Created attachment 1295764 [details] atomic-openshift-master.log Description of problem: When install service-catalog by openshift-ansible, I met service-catalog can't running error, then ssh to install debug, the ds's DESIRED=0, but actually there is matched node. Then restart master service can fix this. Version-Release number of selected component (if applicable): openshift v3.6.136 kubernetes v1.6.1+5115d708d7 etcd 3.2.1 How reproducible: Sometime Steps to Reproduce: 1.[root@ip-172-18-0-4 ~]# oc get ds -n kube-service-catalog NAME DESIRED CURRENT READY UP-TO-DATE AVAILABLE NODE-SELECTOR AGE apiserver 0 0 0 0 0 openshift-infra=apiserver 27m controller-manager 0 0 0 0 0 openshift-infra=apiserver 27m [root@ip-172-18-0-4 ~]# [root@ip-172-18-0-4 ~]# [root@ip-172-18-0-4 ~]# [root@ip-172-18-0-4 ~]# [root@ip-172-18-0-4 ~]# oc get no --show-labels NAME STATUS AGE VERSION LABELS ip-172-18-0-4.ec2.internal Ready,SchedulingDisabled 43m v1.6.1+5115d708d7 beta.kubernetes.io/arch=amd64,beta.kubernetes.io/instance-type=m3.medium,beta.kubernetes.io/os=linux,failure-domain.beta.kubernetes.io/region=us-east-1,failure-domain.beta.kubernetes.io/zone=us-east-1d,kubernetes.io/hostname=ip-172-18-0-4.ec2.internal,openshift-infra=apiserver,role=node ip-172-18-11-233.ec2.internal Ready 43m v1.6.1+5115d708d7 beta.kubernetes.io/arch=amd64,beta.kubernetes.io/instance-type=m3.medium,beta.kubernetes.io/os=linux,failure-domain.beta.kubernetes.io/region=us-east-1,failure-domain.beta.kubernetes.io/zone=us-east-1d,kubernetes.io/hostname=ip-172-18-11-233.ec2.internal,registry=enabled,role=node,router=enabled 2. 3. Actual results: Expected results: https://openshift-qe-jenkins.rhev-ci-vms.eng.rdu2.redhat.com/job/Launch%20Environment%20Flexy/17715/console Additional info:
Created attachment 1295776 [details] nod1.log
Created attachment 1295777 [details] node2.log
Eric Wolinetz is attempting to reproduce this now. He says the node labels in the original comment look correct. Could we get the logs from the controller manager? I reviewed the node logs and they looked uneventful.
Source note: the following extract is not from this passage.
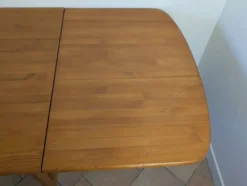 Table en pin massif Eero Aarnio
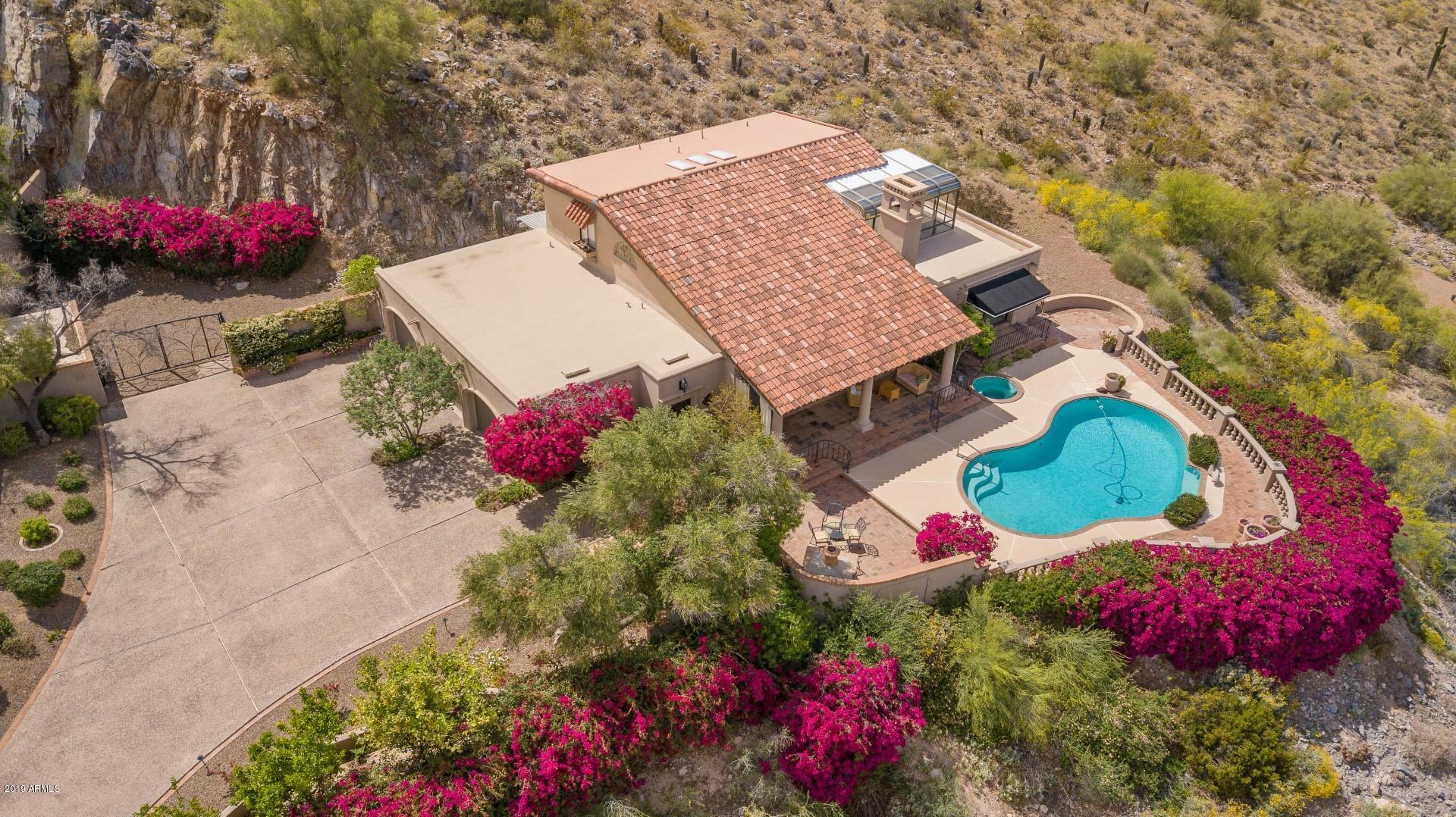 Property Photo: 4402 E Mockingbird Lane AZ 85253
Could we also get a yaml dump of the daemon sets that were created?
The controller-manager log is attached in file atomic-openshift-master.log daemonset.yaml: http://pastebin.test.redhat.com/501739 (note: the daemonset I provided the link is working well as I restart the master)
Created attachment 1296100 [details] ds&node info Reproduce again. Attach some info about ds and node
We debugged a customer issue similar to this one yesterday. Can we establish: 1. Are pods being created at all for the daemon set? If so, can we get yamls and describe output for them? 2. Is there a node selector associated with the namespace? Can we get a yaml for the namespace? In the issue we debugged today, the default node selectors for the project and later the cluster were resulting in pods being created, but not being scheduled on certain nodes due to conflicts between the pod's node selector and the nodes labels that were introduced by the project node selector.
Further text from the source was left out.